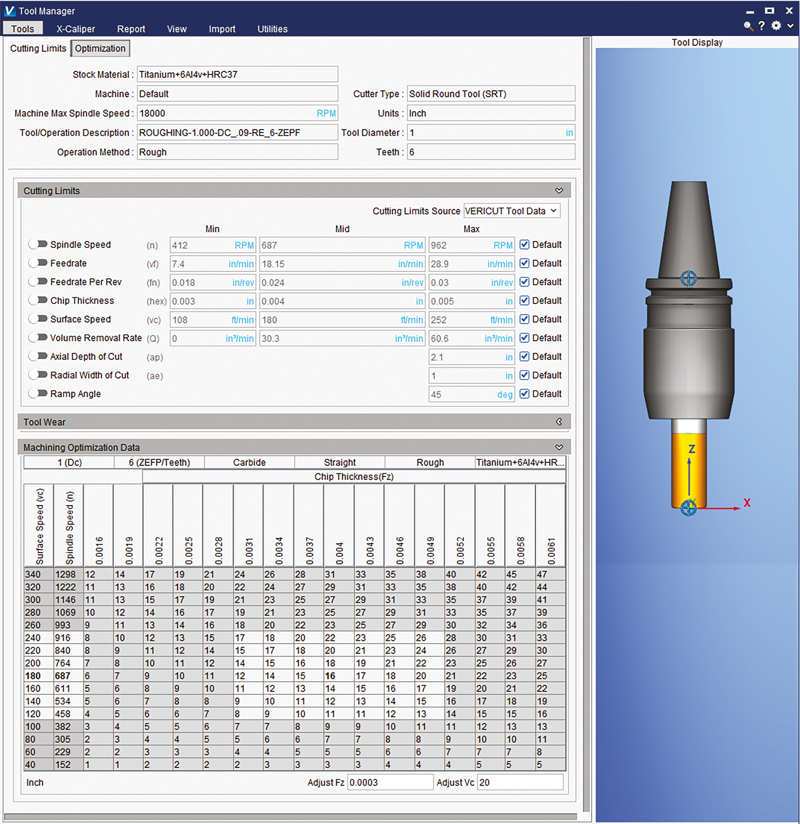 Con Tool Performance Database (TPD) e Machining Optimization Data (MOD) si identificano i valori della velocità del mandrino e dell’avanzamento, per ottimizzare le performance dell’utensile.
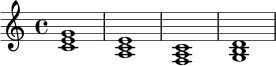 \relative c' {
\time 4/4
<c e g>1 |
<a c e>1 |
<f a c>1 |
<g b d>1 |
}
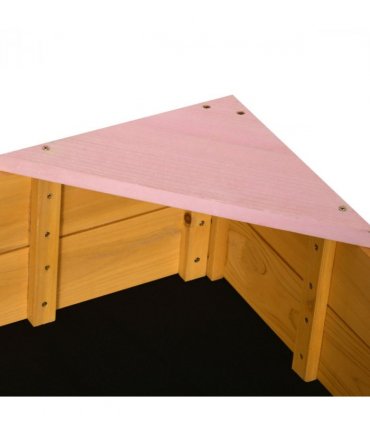 Kids Wooden Sand Pit Sandbox w/ Seats, Fir Wood, Natural, 109L x 109W x 19.8H cm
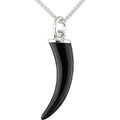 Sterling Silver Onyx Horn Charm Necklace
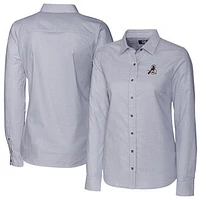 Women's Cutter & Buck  Charcoal Springfield Cardinals Stretch Oxford Stripe Long Sleeve Button-Up Dress Shirt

══════════════════════════════

== TASK STATEMENT ==
An exact copy of the entries above, with no pictures, is the required answer.

== EXERCISE OUTPUT ==
 Con Tool Performance Database (TPD) e Machining Optimization Data (MOD) si identificano i valori della velocità del mandrino e dell’avanzamento, per ottimizzare le performance dell’utensile.
 \relative c' {
\time 4/4
<c e g>1 |
<a c e>1 |
<f a c>1 |
<g b d>1 |
}
 Kids Wooden Sand Pit Sandbox w/ Seats, Fir Wood, Natural, 109L x 109W x 19.8H cm
 Sterling Silver Onyx Horn Charm Necklace
 Women's Cutter & Buck  Charcoal Springfield Cardinals Stretch Oxford Stripe Long Sleeve Button-Up Dress Shirt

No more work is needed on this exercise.